Table 1 The different groups of female mice used in both independent sets of experiments

Animals and treatment

C57BL/6J mice were provided by the CDTA (Center for Animal Distribution, Typing, and Archiving, CNRS, Orléans, France). Experiments on animals were performed in the animal facilities of CDTA (CNRS, Orléans, France) and subsequently at the animal facility of the BioMed Tech (Campus Saint Germain des Prés, INSERM US36, CNRS UMS2009, Université de Paris, Paris, France) according to previously reported procedures [15]. The European Communities Council directive 2010/63/EU on the protection of the animals were followed for the experiments using animals. Animals were treated humanely and with regard to the alleviation of suffering. All procedures were approved by the ethical committees for animal research of CNRS (Orléans) and Université de Paris (Paris) (n°CEEA34.XC.049.12).

Animals' maintenance and exposure to TCDD during the perinatal period and/or at 9 weeks of age

C57BL/6J mice were housed in a temperature-controlled room (22 ± 1 °C) with a relative humidity of 55 ± 5% and a 12 h light/dark cycle. Water and food (Safe® D30) were provided ad libitum.

Pregnant CD57Bl/6J mice were randomly administered either once-weekly oral dose of TCDD (1 ng TCDD/g body weight) or n-nonane/corn oil vehicle (1/24 v/v) on embryonic days E7.5, E14.5, and post-natal days P0.5, P7.5, P14.5, P21) in the CDTA animal facility by using a curved gavage probe fitted to the mouse mounted on a 1-mL syringe. The oral route of exposure was used to mimic the major route of exposure in humans. Each administration corresponded to 1 ng/g body weight of TCDD in n-nonane (corresponding to 0.2 µL/g body weight) or n-nonane alone (0.2 µL/g body weight) in the same total volume completed to 150 µL with corn oil. No statistically significant differences in mass were observed in the number of pups per litter among the different groups. The female pups were weaned at 3 weeks of age and allowed to acclimate to the BioMed Tech animal facility from 5 to 9 weeks of age.

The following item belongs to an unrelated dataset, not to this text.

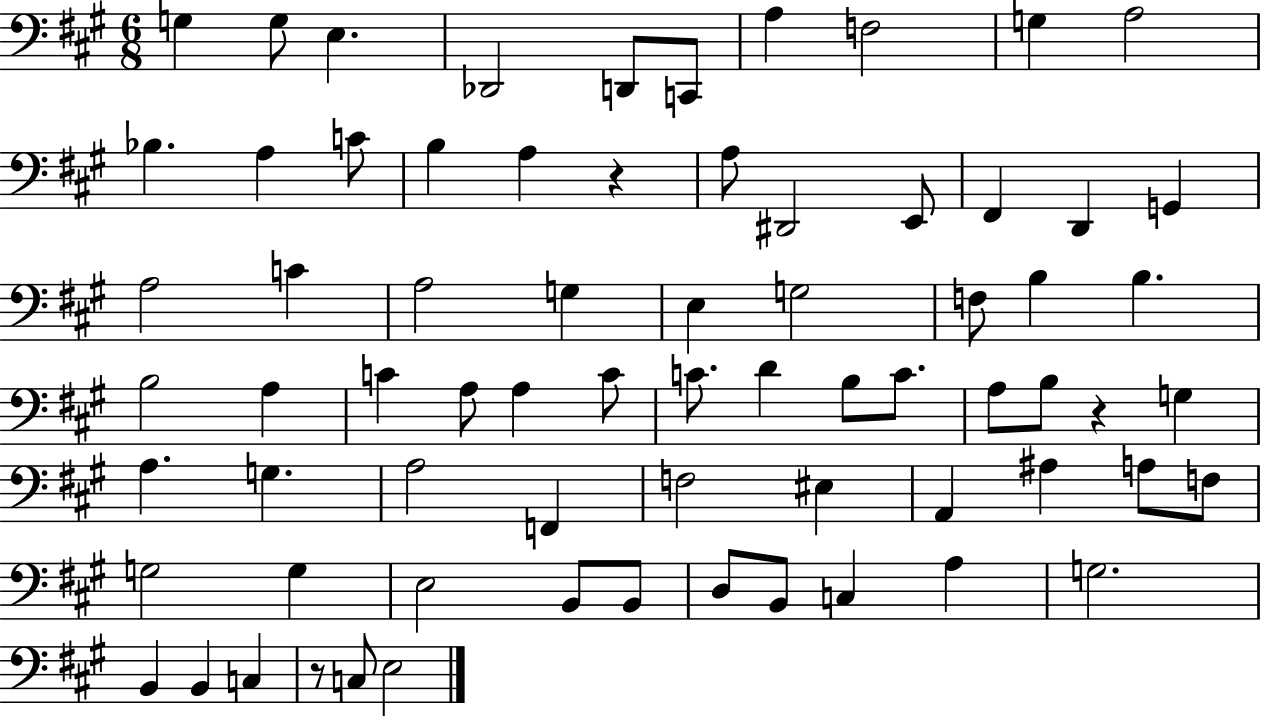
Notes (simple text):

The pups born in these two groups were re-exposed to either TCDD (1 ng/g body weight) or vehicle by a single oral dose, 24 h before tissue collection. Four exposure groups were thus designed: (i) maternal exposure to vehicle and re-exposure to vehicle at 9 weeks of age (Nonane/Nonane group or control); (ii) maternal exposure to vehicle and exposure to TCDD at 9 weeks of age (Nonane/TCDD group); (iii) maternal exposure to TCDD and exposure to vehicle at 9 weeks of age (TCDD/Nonane group); and (iv) maternal exposure to TCDD and re-exposure to TCDD at 9 weeks of age (TCDD/TCDD group) (Fig. 1).

Fig. 1
figure 1

Schematic of experimental design: exposure of control or TCDD to female mice maternally and at 9 weeks of age

Skeletal muscle tissue collection

Mice were fasted overnight before killing. Mice were weighed for body weight. Briefly, mice were anesthetized under isoflurane flow, the blood was then collected by the intracardiac route and, finally, mice were decapitated using a guillotine. Skeletal (soleus, plantaris, and gastrocnemius) muscles were rapidly dissected, weighed, and snap-frozen in liquid nitrogen.

Metabolite extraction and quantification by GC–qTOF-MS

Tissue metabolome extraction and derivatization

To each weighed and frozen skeletal muscle sample (average mass of soleus: 12 mg, plantaris: 25 mg, gastrocnemius: 190 mg), pre-cooled extraction solvents (1:1:1 v/v MeOH: CH2Cl2: Hexane; 15 µL/mg for muscles) were added. Each mixture was homogenized using a Bertin Minilys tissue homogenizer for 30–45 s with 30-45 s intervals. The homogenate was then vortexed for 20 s and then centrifuged at 12000g for 20 min at 4 °C. The supernatant was then dried under N2 and vacuum centrifugation. The dried extract was redissolved with CHCl3 and derivatized with 100 µL BSTFA + TCMS for at 60 °C for 30 min.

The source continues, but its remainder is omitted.